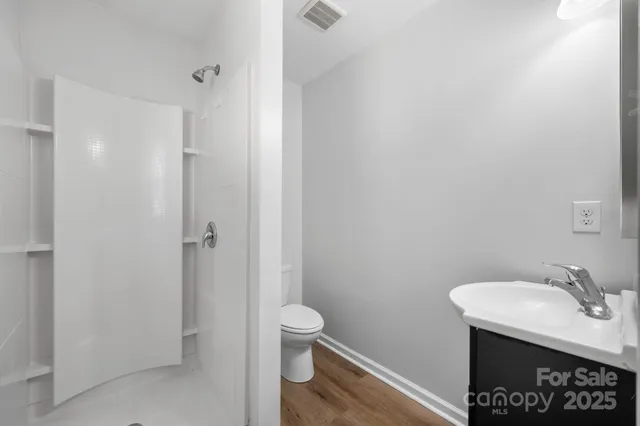 a bathroom with a sink toilet and vanity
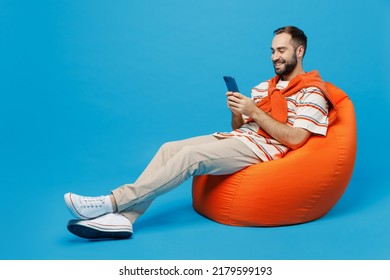 Full Body Young Smiling Satisfied Fun Happy Man 20s Wear Orange Striped T-shirt Sit In Bag Chair Hold In Hand Use Mobile Cell Phone Isolated On Plain Blue Background Studio. People Lifestyle Concept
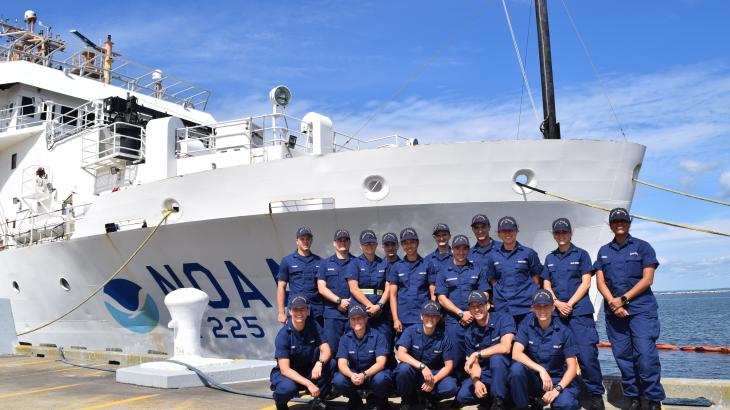 NOAA Corps officer candidates clad in blue uniforms on the pier in front of a white NOAA ship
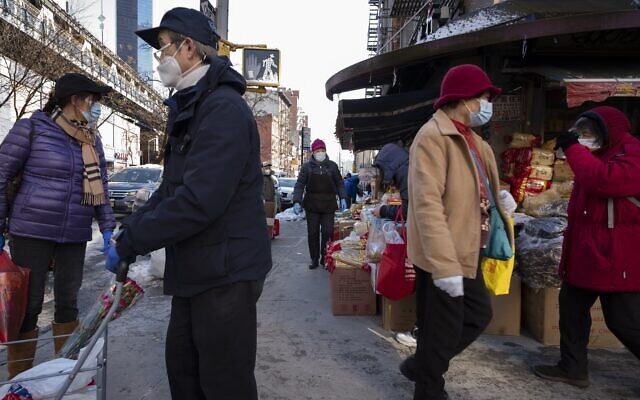 Shoppers walk with their purchases, Monday, Feb. 8, 2021, in the Chinatown neighborhood of New York. (AP Photo/Mark Lennihan) Shoppers walk with their purchases, Monday, Feb. 8, 2021, in the Chinatown neighborhood of New York. (AP Photo/Mark Lennihan)
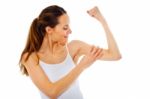 Woman Checking Muscles Stock Photo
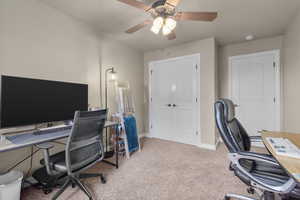 Office with ceiling fan and light colored carpet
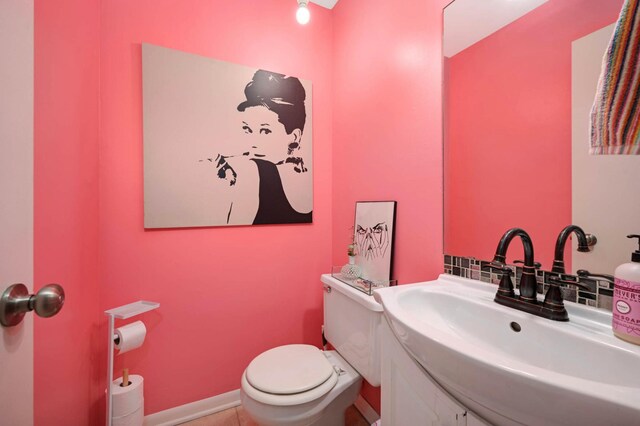 3214 Blaisdell Ave, Minneapolis, MN 55408 - bathroom featuring toilet, vanity, and tile patterned floors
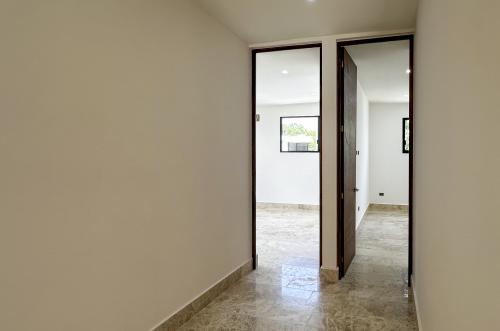 2013-54455-Casa-en-venta-en-privada-Nuukul-Temozon-Norte-con-electrodomesticos-incluidos_(23).jpg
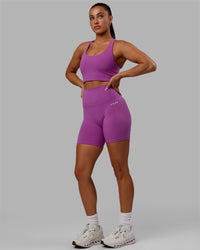 Woman wearing Base 2.0 Ultra High-Rise 6" Short - Hyper Violet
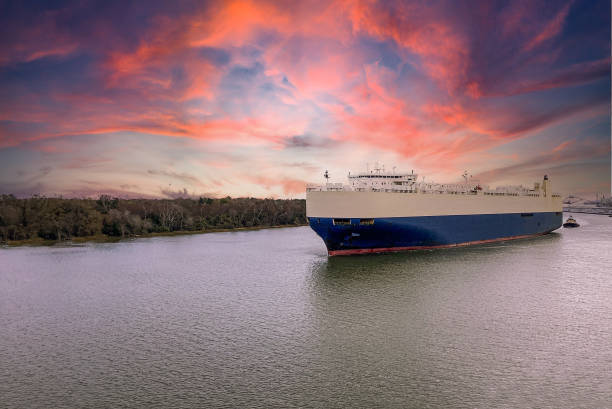 A Tanker makes its way to port on the Savannah River at sunrise in Savannah, Georgia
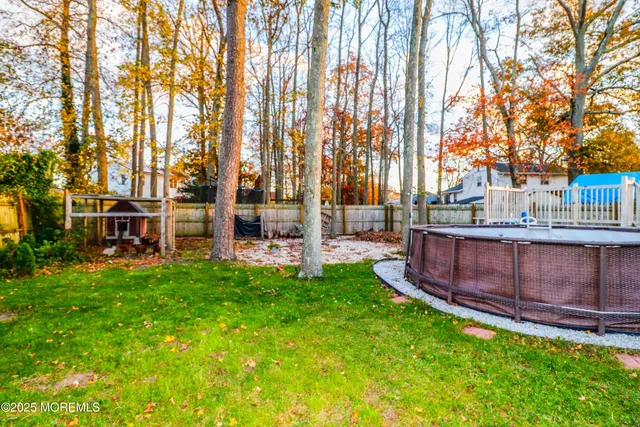 a view of yard with swimming pool and trees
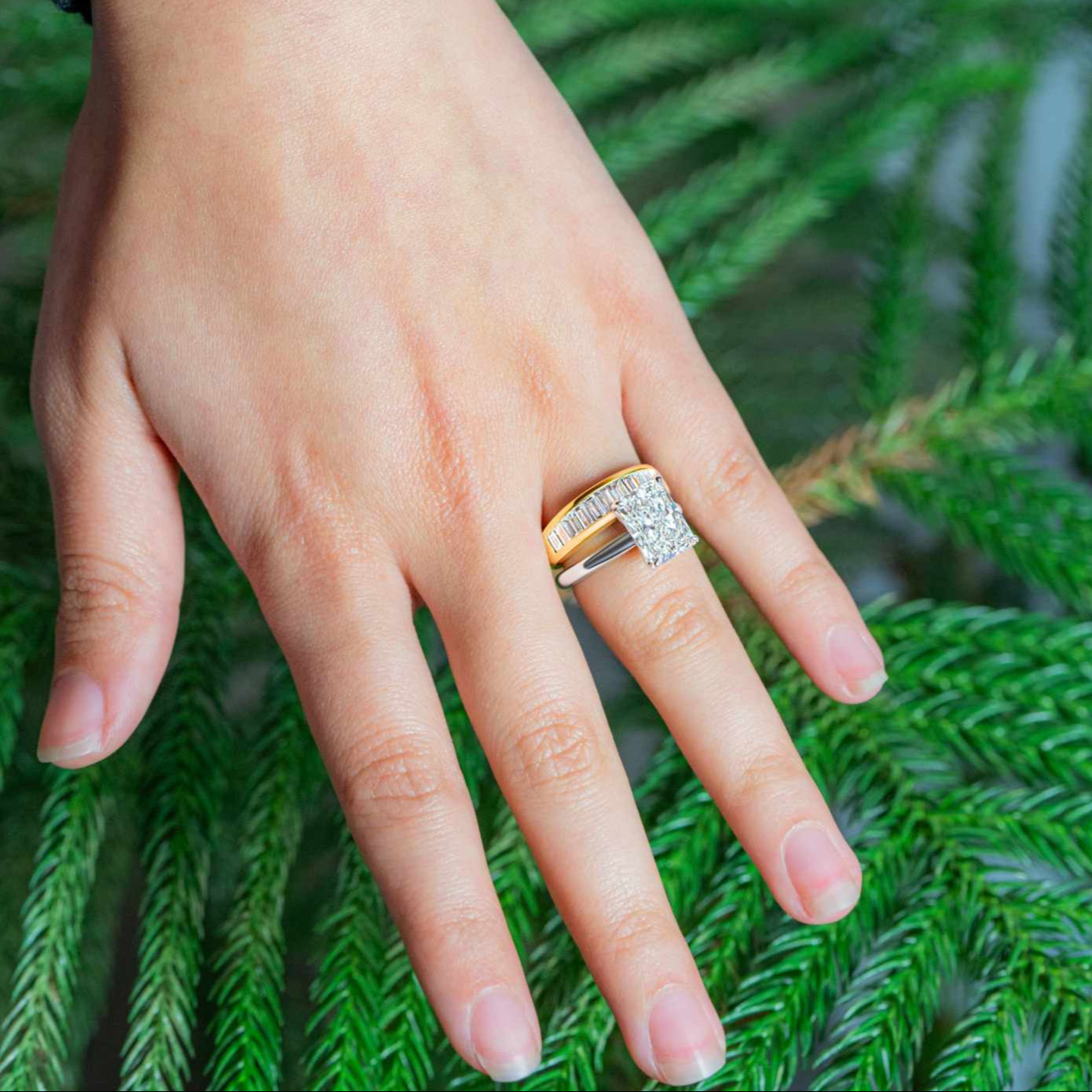 Julien Channel Set Baguette Diamond Band 18k yellow modeled on hand stacked with engagement ring 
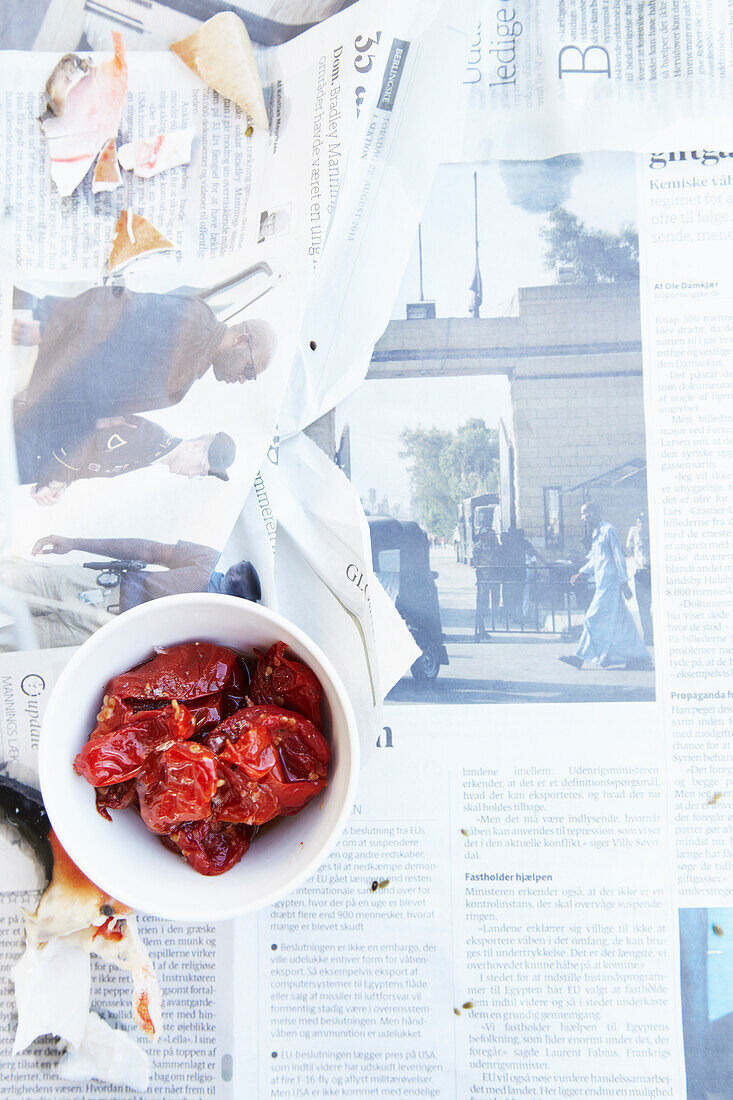 Tomato confit in a small bowl on newspaper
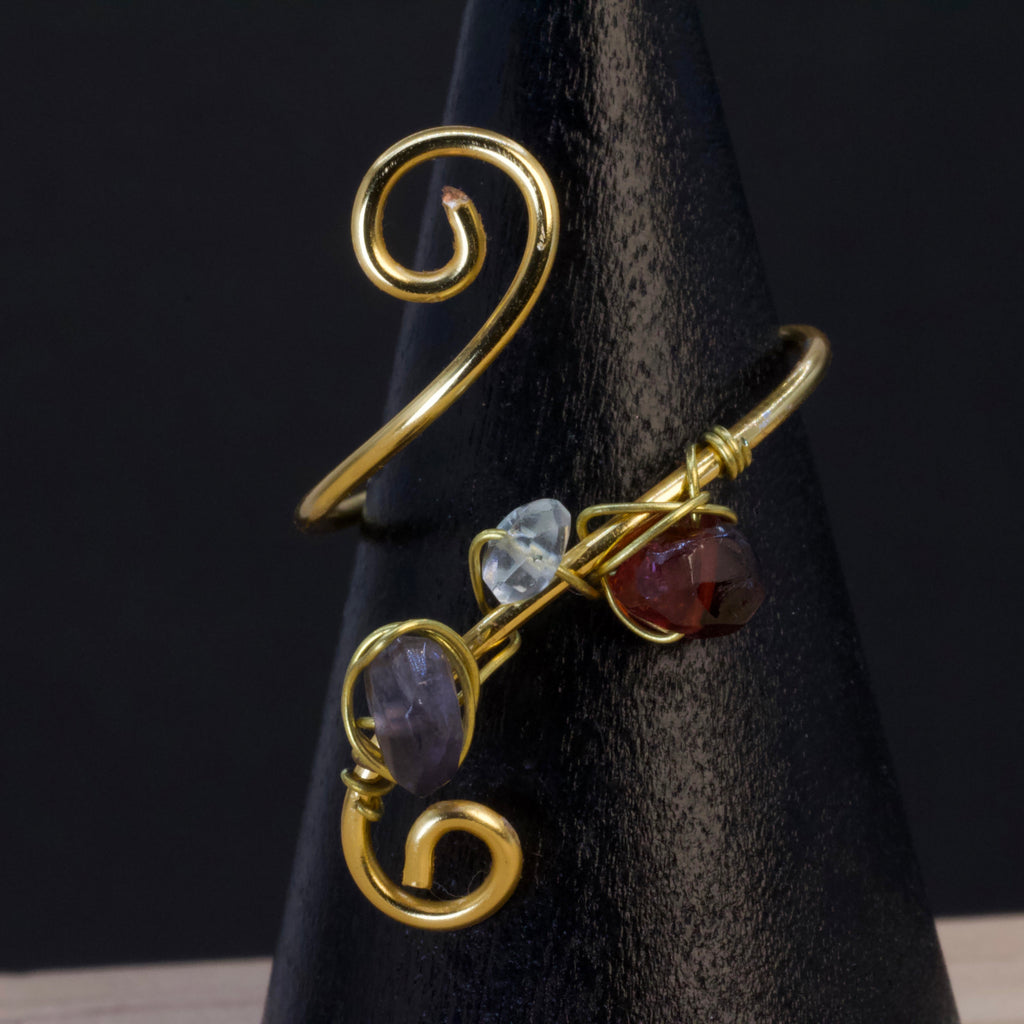 Anello in ametista, acquamarina e granato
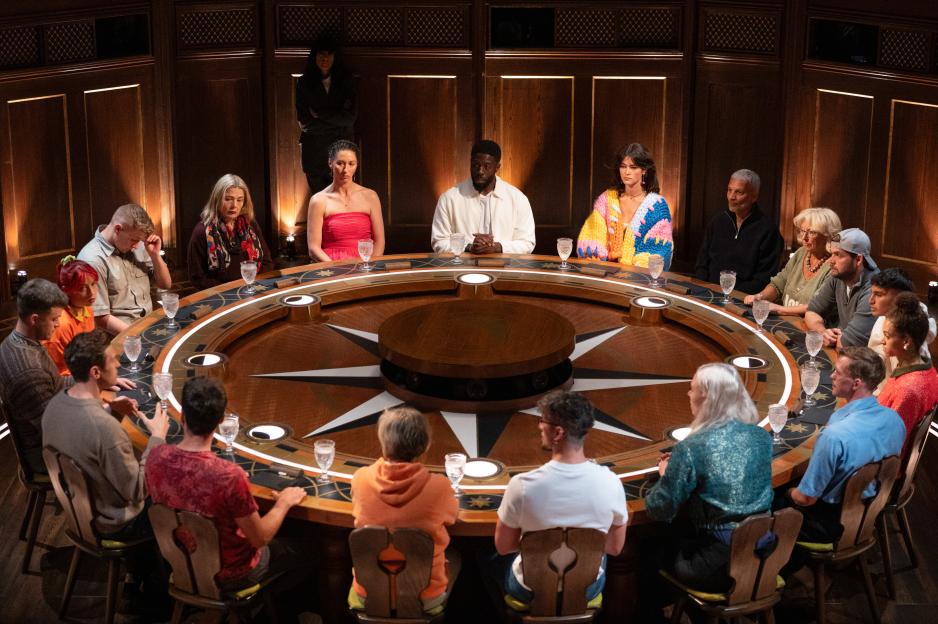 The Cast of The Traitors S4 seated at a round table with a large compass rose design on its surface.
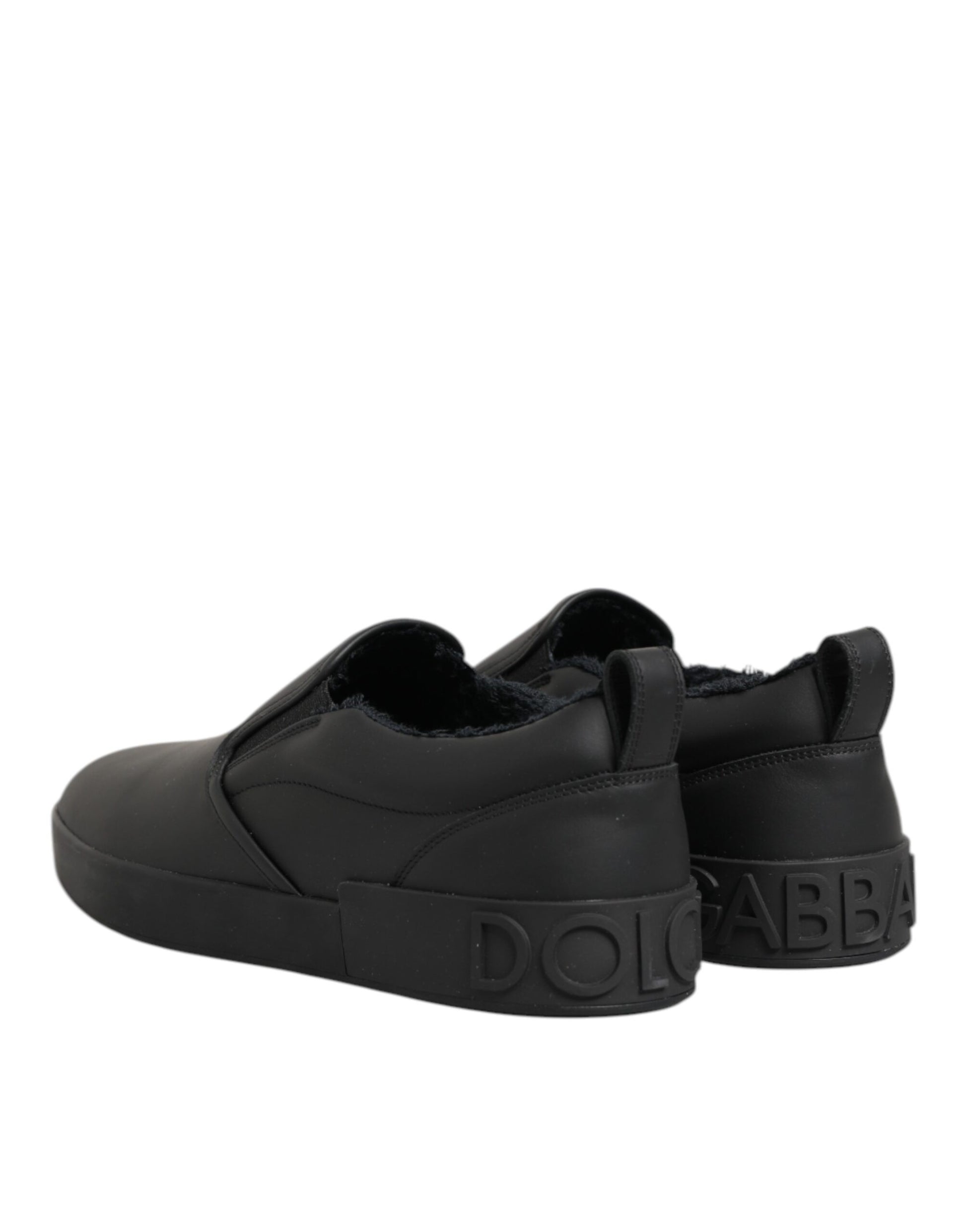 Black baby shoe with white logo on side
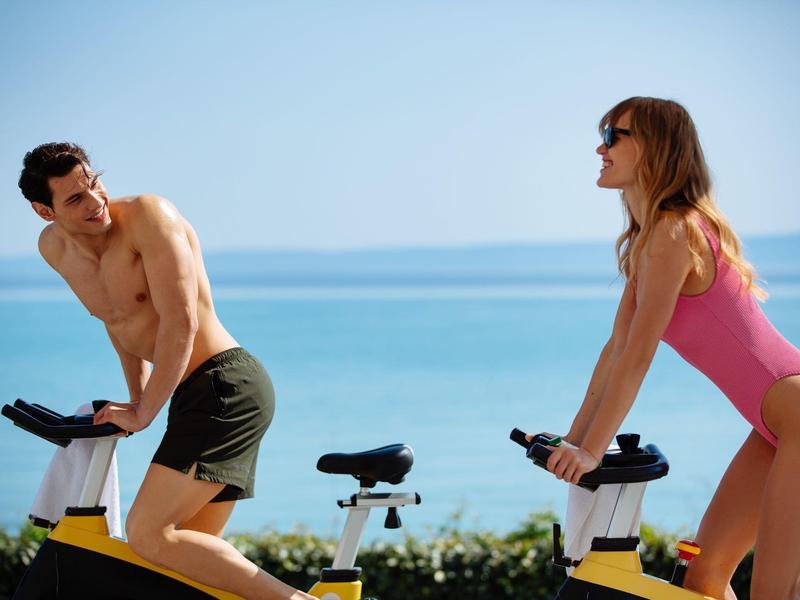 Man and woman exercising on stationary bikes by the seaside with clear blue sky.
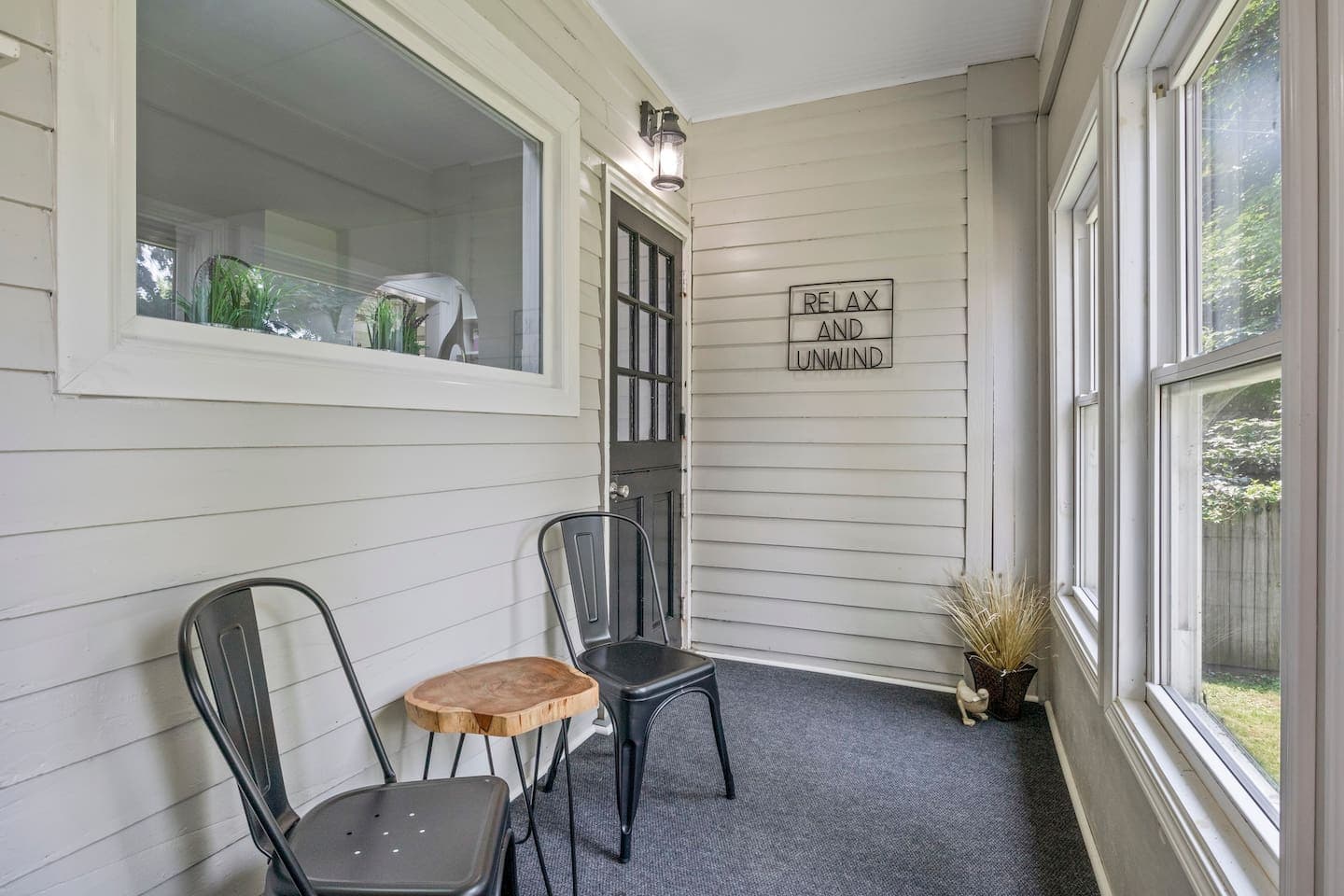 Enclosed porch with wood- paneled wall and seating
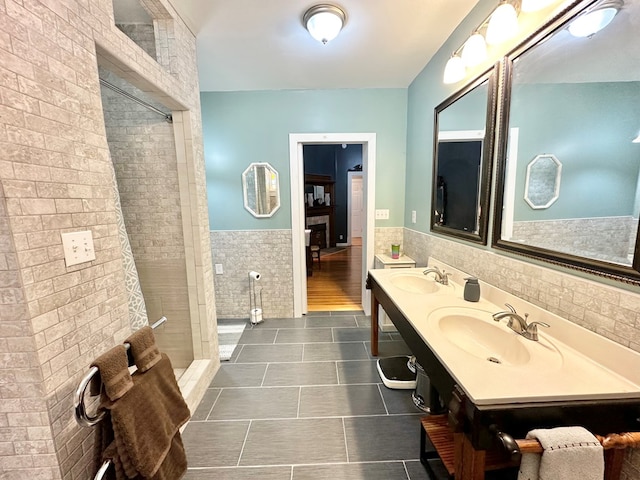 bathroom featuring a tile shower, tile walls, tile patterned floors, and vanity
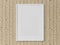 White rectangular vertical frame hanging on a wooden wall mockup 3D rendering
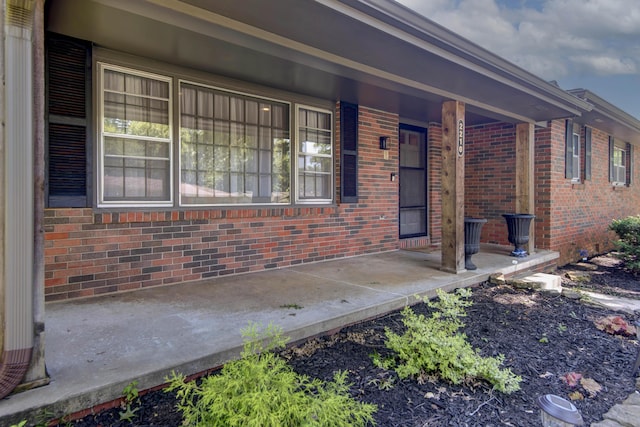 2210 S Catalina Ave, Springfield, MO 65804 - doorway to property featuring covered porch and brick siding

WHAT YOU NEED TO DO - What is needed is every line from the one with "Anello in ametista, acquamarina e granato" to the final line of the listing above, set down exactly and with the pictures left out.

RESPONSE -
 Anello in ametista, acquamarina e granato
 The Cast of The Traitors S4 seated at a round table with a large compass rose design on its surface.
 Black baby shoe with white logo on side
 Man and woman exercising on stationary bikes by the seaside with clear blue sky.
 Enclosed porch with wood- paneled wall and seating
 bathroom featuring a tile shower, tile walls, tile patterned floors, and vanity
 White rectangular vertical frame hanging on a wooden wall mockup 3D rendering
 2210 S Catalina Ave, Springfield, MO 65804 - doorway to property featuring covered porch and brick siding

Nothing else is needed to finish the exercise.